I hate it when I lose ideas. Sometimes I'll see a certain person on-campus, and I'll think "hey, they'd make a nice story." Or I'll be daydreaming and stumble on something interesting. I find random tidbits in books that could be used for conversation pieces, and I discover deep, philosophical quotes I can base a post on. And just like that they're gone, lost in the inability to retain most anything within my short-term memory. Not to say, however, that I always forget great, or even good ideas. I forget about things that suddenly sprout up in the back of my mind that I'm glad I didn't do (tribal tattoo, eighteenth birthday for one). I remember how at one point I wanted to own a snuggie (I refuse to buy one now because they made these "designer" prints, which are basically leopard-spotted, meaning that they have more or less affirmed that their audience are tacky moms who wear stiletto heels to the grocery store. DAMN YOU PRODUCT MARKETING!). I also groan at how I tried to be emo or indie or whatever in high school, wishing that idea had left my head at the time (More on that later. Actually no, never). But, no matter how I try to see the silver lining, an idea lost is an idea wasted, regardless if it's good or not.

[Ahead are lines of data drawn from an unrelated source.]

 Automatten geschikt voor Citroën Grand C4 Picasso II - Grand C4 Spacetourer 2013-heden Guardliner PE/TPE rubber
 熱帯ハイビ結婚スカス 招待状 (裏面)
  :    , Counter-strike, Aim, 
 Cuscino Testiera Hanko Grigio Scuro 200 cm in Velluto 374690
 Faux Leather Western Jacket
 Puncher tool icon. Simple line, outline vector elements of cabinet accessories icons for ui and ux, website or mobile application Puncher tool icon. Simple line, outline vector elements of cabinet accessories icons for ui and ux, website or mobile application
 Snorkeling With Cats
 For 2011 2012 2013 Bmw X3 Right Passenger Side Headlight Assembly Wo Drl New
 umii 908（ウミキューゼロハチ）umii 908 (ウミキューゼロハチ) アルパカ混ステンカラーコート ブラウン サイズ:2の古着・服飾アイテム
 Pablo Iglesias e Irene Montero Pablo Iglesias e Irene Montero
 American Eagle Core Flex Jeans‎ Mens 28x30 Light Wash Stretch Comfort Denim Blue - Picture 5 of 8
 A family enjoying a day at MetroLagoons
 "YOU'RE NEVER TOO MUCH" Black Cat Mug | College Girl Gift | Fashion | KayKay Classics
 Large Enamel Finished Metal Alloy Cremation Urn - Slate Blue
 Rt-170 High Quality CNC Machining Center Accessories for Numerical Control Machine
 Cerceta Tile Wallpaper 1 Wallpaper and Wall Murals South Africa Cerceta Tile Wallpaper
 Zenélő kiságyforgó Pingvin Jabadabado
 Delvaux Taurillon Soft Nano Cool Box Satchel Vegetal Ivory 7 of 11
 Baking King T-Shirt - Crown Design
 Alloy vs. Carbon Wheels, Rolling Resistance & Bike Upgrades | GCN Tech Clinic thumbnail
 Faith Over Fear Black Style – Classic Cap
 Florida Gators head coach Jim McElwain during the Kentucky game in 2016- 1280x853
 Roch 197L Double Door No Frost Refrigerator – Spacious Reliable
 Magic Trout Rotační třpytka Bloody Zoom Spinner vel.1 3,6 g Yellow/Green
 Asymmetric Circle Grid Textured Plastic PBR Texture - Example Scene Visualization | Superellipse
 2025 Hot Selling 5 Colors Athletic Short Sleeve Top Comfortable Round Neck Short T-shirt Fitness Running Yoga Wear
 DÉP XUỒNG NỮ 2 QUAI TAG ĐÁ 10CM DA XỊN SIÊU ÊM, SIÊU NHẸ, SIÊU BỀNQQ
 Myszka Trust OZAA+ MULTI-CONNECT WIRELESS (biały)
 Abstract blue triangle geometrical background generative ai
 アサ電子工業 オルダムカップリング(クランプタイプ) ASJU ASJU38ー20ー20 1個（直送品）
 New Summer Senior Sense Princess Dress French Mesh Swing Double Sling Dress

David Sedaris is one of my favorite memoir writers. He notes that he keeps a little notebook around with him, jots down notes, and elaborates on them later. I actually tried this for a day. I was really nervous about looking pretentious, busting out some random notepad and just writing in the middle of nowhere, so whenever a thought or observation struck me, I would run off to a secluded corner and write it down. Eventually, I would start annotating anything interesting, and every couple minutes I would run off to some shady corner, then reenter society, looking over my shoulders, writing in a notebook furtively. If anyone was watching me, they'd probably think that I was engaging in multiple drug deals. It got so bad that I pretty much only use that little notebook to compose my grocery list now.

If I find something I HAVE to write about, I think about it constantly. I try to sear it into my brain, hide the idea in the wrinkles of my lobe to pluck out later. But if I go with this method, it consumes my conscious. The concept will strike me at inopportune times: during classes and conversations, it's all white noise as my thoughts begin to blossom. I'll find myself unable to sleep, and then wake up to only be thinking again about the same thing. I'll have to write it, and then find myself unsatisfied because it doesn't match the words in my mind, and then keep writing over and over and over, knowing that there's just too much of a boundary between the words I write and the mental images within my head. I need to accept that these are two separate realities, and no matter how much I want the thing in my head to exist on the page, it can never be. The best I can have is a doppelganger, a somewhat accurate facsimile. It's PRACTICALLY the same, but there's just this one unspeakable quality that prevents it from being one and the same.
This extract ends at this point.